I will discuss things in the context of your code, but I want to get some basics out of the way first.
In a declaration, the unary *
operator indicates that the thing being declared has pointer type:
T *p; // for any type T, p has type "pointer to T"
T *p[N]; // for any type T, p has type "N-element array of pointer to T"
T (*p)[N]; // for any type T, p has type "pointer to N-element array of T"
T *f(); // for any type T, f has type "function returning pointer to T"
T (*f)(); // for any type T, f has type "pointer to function returning T"
The unary *
operator has lower precedence then the postfix []
subscript and ()
function operators, so if you want a pointer to an array or a function, the *
must be explicitly grouped with the identifier.
In an expression, the unary *
operator dereferences the pointer, allowing us to access the pointed-to object or function:
int x;
int *p;
p = &x; // assign the address of x to p
*p = 10; // assigns 10 to x via p - int = int
After the above code has executed, the following are true:
p == &x // int * == int *
*p == x == 10 // int == int == int
The expressions p
and &x
have type int *
(pointer to int
), and their value is the (virtual) address of x
. The expressions *p
and x
have type int
, and their value is 10
.
A valid1 object pointer value is obtained in one of three ways (function pointers are also a thing, but we won't get into them here):
- using the unary
&
operator on an lvalue2 (p = &x;
);
- allocating dynamic memory via
malloc()
, calloc()
, or realloc()
;
- and, what is relevant for your code, using an array expression without a
&
or sizeof
operator.
Except when it is the operand of the sizeof
or unary &
operator, or is a string literal used to initialize a character array in a declaration, an expression of type "N-element array of T
" is converted ("decays") to an expression of type "pointer to T
", and the value of the expression is the address of the first element of the array3. So, if you create an array like
int a[10];
and pass that array expression as an argument to a function like
foo( a );
then before the function is called, the expression a
is converted from type "10-element array of int
" to "pointer to int
", and the value of a
is the address of a[0]
. So what the function actually receives is a pointer value, not an array:
void foo( int *a ) { ... }
String literals like "add"
and "five to two"
are array expressions - "add"
has type "4-element array of char
" and "five to two"
has type "12-element array of char
" (an N-character string requires at least N+1 elements to store because of the string terminator).
In the statements
mnemonic = "add";
operands = "five to two";
neither string literal is the operand of the sizeof
or unary &
operators, and they're not being used to initialize a character array in a declaration, so both expressions are converted to type char *
and their values are the addresses of the first element of each array.

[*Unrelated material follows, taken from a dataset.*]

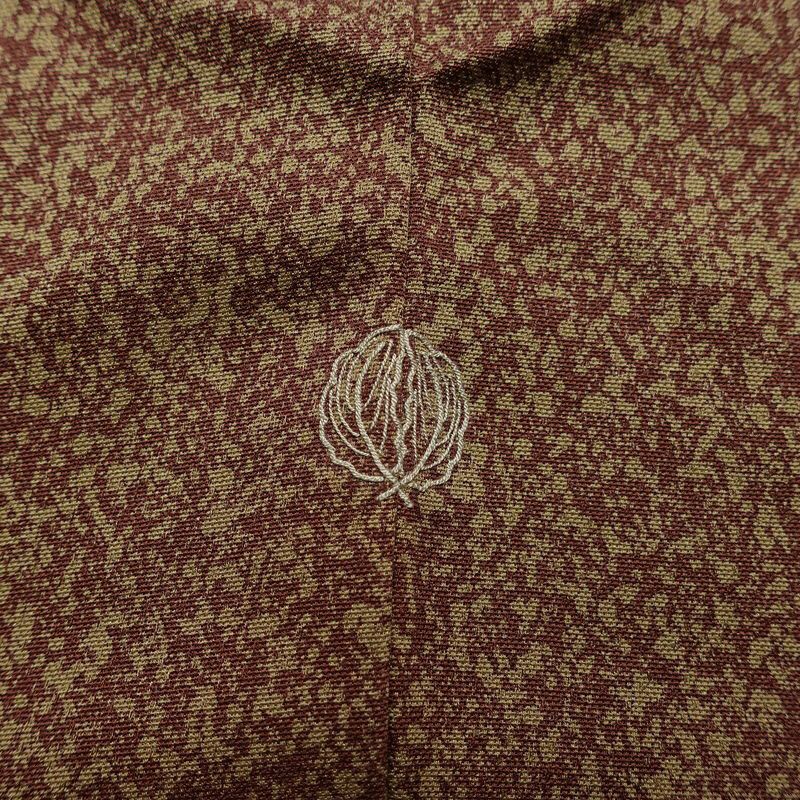 付け下げ 美品 しつけ糸付き 一つ紋付き 正絹 その他の柄 袷仕立て 身丈151cm 裄丈63cm リサイクル着物 箔 共八掛 卒業式 パーティー フォーマル モダン 茶_画像14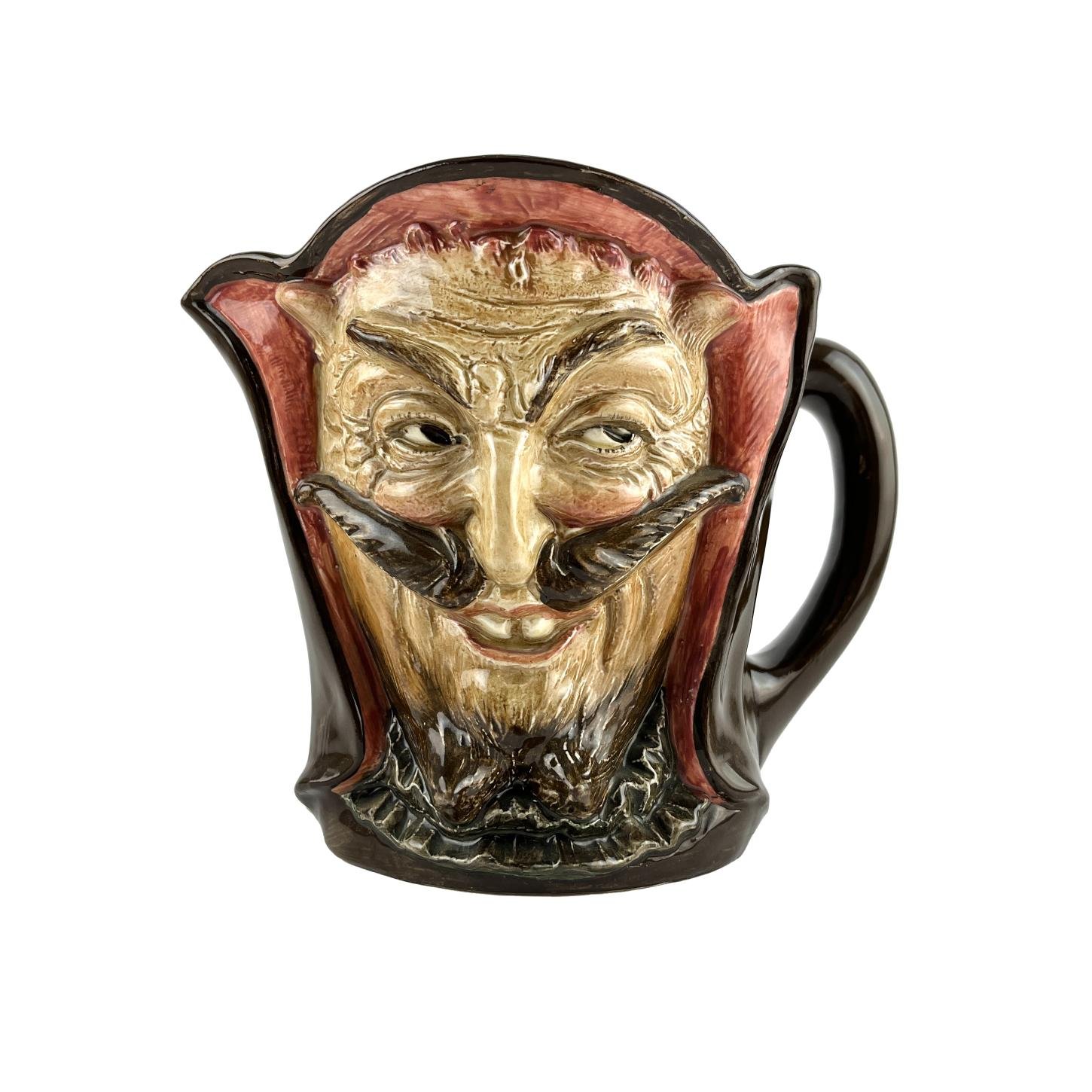 Jarra en loza Royal Doulton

Both mnemonic
and operands
are declared as char *
, so this is fine.
Since the types of mnemonic
and operands
are both char *
, when you call
analyse_inst( mnemonic, operands );
the types of the function's formal arguments must also be char *
:
void analyse_inst( char *mnemonic, char *operands )
{
...
}
As far as the "pass by reference" bit...
C passes all function arguments by value. That means the formal argument in the function definition is a different object in memory from the actual argument in the function call, and any changes made to the formal argument are not reflected in the actual argument. Suppose we write a swap
function as:
int swap( int a, int b )
{
int tmp = a;
a = b;
b = tmp;
}
int main( void )
{
int x = 2;
int y = 3;
printf( "before swap: x = %d, y = %d\n", x, y );
swap( x, y );
printf( "after swap: x = %d, y = %d\n", x, y );
...
}
If you compile and run this code, you'll see that the values of x
and y
don't change after the call to swap
- the changes to a
and b
had no effect on x
and y
, because they're different objects in memory.
In order for the swap
function to work, we have to pass pointers to x
and y
:
void swap( int *a, int *b )
{
int tmp = *a;
*a = *b;
*b = tmp;
}
int main( void )
{
...
swap( &x, &y );
...
}
In this case, the expressions *a
and *b
in swap
refer to the same objects as the expressions x
and y
in main
, so the changes to *a
and *b
are reflected in x
and y
:
a == &x, b == &y
*a == x, *b == y
So, in general:
void foo( T *ptr ) // for any non-array type T
{
*ptr = new_value(); // write a new value to the object `ptr` points to
}
void bar( void )
{
T var;
foo( &var ); // write a new value to var
}
This is also true for pointer types - replace T
with a pointer type P *
, and we get the following:
void foo( P **ptr ) // for any non-array type T
{
*ptr = new_value(); // write a new value to the object `ptr` points to
}
void bar( void )
{
P *var;
foo( &var ); // write a new value to var
}
In this case, var
stores a pointer value. If we want to write a new pointer value to var
through foo
, then we must still pass a pointer to var
as the argument. Since var
has type P *
, then the expression &var
has type P **
.
- A pointer value is valid if it points to an object within that object's lifetime.
- An lvalue is an expression that refers to an object such that the object's value may be read or modified.
- Believe it or not there is a good reason for this rule, but it means that array expressions lose their "array-ness" under most circumstances, leading to much confusion among people first learning the language.